[GIVEN INFORMATION]

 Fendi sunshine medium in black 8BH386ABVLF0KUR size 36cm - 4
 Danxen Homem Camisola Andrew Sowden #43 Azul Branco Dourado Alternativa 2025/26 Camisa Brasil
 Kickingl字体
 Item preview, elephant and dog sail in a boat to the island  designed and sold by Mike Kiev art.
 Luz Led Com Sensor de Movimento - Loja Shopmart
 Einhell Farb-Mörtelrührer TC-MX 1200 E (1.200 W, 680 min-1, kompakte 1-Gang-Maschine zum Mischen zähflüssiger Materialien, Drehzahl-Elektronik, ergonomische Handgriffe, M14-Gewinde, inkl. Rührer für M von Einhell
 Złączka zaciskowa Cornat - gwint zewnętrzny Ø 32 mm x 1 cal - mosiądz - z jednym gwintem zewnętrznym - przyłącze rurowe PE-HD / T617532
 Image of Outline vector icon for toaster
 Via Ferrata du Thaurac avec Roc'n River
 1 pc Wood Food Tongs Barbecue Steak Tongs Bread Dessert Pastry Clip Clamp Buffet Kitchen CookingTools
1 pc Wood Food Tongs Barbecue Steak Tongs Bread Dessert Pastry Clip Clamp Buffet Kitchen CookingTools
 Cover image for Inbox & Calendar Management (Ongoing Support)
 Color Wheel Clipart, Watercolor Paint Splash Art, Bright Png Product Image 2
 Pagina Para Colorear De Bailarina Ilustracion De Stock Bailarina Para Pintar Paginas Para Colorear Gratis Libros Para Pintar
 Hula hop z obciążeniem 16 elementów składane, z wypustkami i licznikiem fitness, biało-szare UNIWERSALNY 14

[/GIVEN INFORMATION]

**GOAL OF THE EXERCISE**:
Give an exact copy of the lines from the one with "Image of Outline vector icon for toaster" through the end of the entries, both ends included.

**SOLUTION FOR THIS PROBLEM**:
 Image of Outline vector icon for toaster
 Via Ferrata du Thaurac avec Roc'n River
 1 pc Wood Food Tongs Barbecue Steak Tongs Bread Dessert Pastry Clip Clamp Buffet Kitchen CookingTools
1 pc Wood Food Tongs Barbecue Steak Tongs Bread Dessert Pastry Clip Clamp Buffet Kitchen CookingTools
 Cover image for Inbox & Calendar Management (Ongoing Support)
 Color Wheel Clipart, Watercolor Paint Splash Art, Bright Png Product Image 2
 Pagina Para Colorear De Bailarina Ilustracion De Stock Bailarina Para Pintar Paginas Para Colorear Gratis Libros Para Pintar
 Hula hop z obciążeniem 16 elementów składane, z wypustkami i licznikiem fitness, biało-szare UNIWERSALNY 14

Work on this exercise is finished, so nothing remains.